Henry Ford famously said that if he’d asked his customers what they wanted, he would have built a faster horse, instead of the world’s first mass-market motor car. Ford maintained this cynical attitude towards his customers’ stated preferences throughout his career. For instance, the Model T Ford came in “any colour that [the customer] wants, so long as it is black.” Ford’s attitude can seem outdated in the era of human-centred design, but it teaches an important lesson: products are improved by listening to what users want—and not necessarily what they say they want.
One of the hardest lessons to learn in UX is that researchers can’t always trust what test participants tell them. People don’t always behave rationally, and this means that research participants are sometimes unable to give accurate answers to even the simplest questions. Though it sounds counter-intuitive, it’s backed by decades of research on the difference between reported behavior (what we say we do) and actual behavior (what we actually do).
I encountered the gap recently, while researching how to improve smartphone banking apps.

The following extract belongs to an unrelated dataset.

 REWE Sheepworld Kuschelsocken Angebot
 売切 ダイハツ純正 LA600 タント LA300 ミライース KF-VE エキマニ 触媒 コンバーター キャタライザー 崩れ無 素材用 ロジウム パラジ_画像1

I asked two sets of users whether they wanted the app log-in process to be more convenient or more secure. Depending on whether I asked them while using their app or removed from the process, the question garnered strikingly different responses. When I observed people using their banking apps, they told me that the security requirements for logging in were too rigorous. They’d prefer a less secure, more convenient log-in process. Yet, when we sent a survey to other banking app users, their responses were the exact opposite. These users said they’d like more security, even at the expense of convenience.
Most UX researchers will encounter this kind of inconsistency at some point in their careers. It could arise in research, or it could come when the research results are implemented. Occasionally this gap is responsible for a feature or product idea that flops on release, even though research indicated users would love it.
By understanding the reasons for this gap between what users say and do, we can learn to bridge it.
Why the actual/reported behavior gap exists
Behavioral psychologists have long understood that people are not entirely rational creatures. We’re influenced by a range of factors, from emotion to cognitive biases, which make a less rational choice seem more appealing—such as eating ice cream for dinner, or buying a car we can’t really afford. There are dozens of these biases, but we’ll focus on three particularly common ones that encourage users to bend the truth.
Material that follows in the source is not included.